Gong Enhao believes that a differentiation strategy is key to global expansion. Regional market strategies vary significantly: Europe and the United States prioritize value validation, while the Asia-Pacific region offers substantial untapped market opportunities. Companies must adopt flexible deployment strategies and establish a complete value loop—from technological innovation to commercial returns—to stand out in this diverse landscape.
Duan He pointed out that establishing a technological foundation requires long-term investment and patience. The core competitiveness of medical devices is built upon solid technological accumulation. The advantages of Chinese manufacturing in supply chain efficiency and iteration speed will play a decisive role in long-term competition.
Cheng Jing advises companies to maintain strategic focus. Enterprises should pay attention to uncertainties in the external environment, such as potential shutdowns of the FDA due to fiscal issues, while leveraging the benefits of mainstream certifications and flexibly positioning themselves in emerging markets like Southeast Asia.
Zhang Mengru believes that external technological pressure is driving domestic companies to accelerate the independent R&D and localization of core components. He pointed out that, combined with China’s engineer dividend and industrial foundation, the next 1–3 years represent a strategic window for Chinese enterprises to “strengthen their internal capabilities” and achieve import substitution.

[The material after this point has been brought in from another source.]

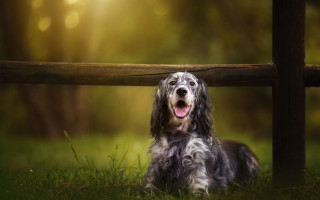 Dog sitting grass fence open - tongue free wallpaper for desktop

Based on the forward-looking assessments of the four panelists, a clear path has emerged: the globalization of China’s AI medical imaging sector is by no means a simple matter of product exports or technology transfer; rather, it is a “value expedition” that tests comprehensive capabilities.
This global expansion means that companies need to open up markets through value evidence, build trust through reliability data, manage risks through multi-line compliance management, and improve efficiency through ecosystem collaboration. Only by calming down in this process, doing every clinical verification well, overcoming every technical difficulty, and meeting every regulatory requirement can enterprises steadily build continuous competitiveness across cycles and finally occupy a place in the global market.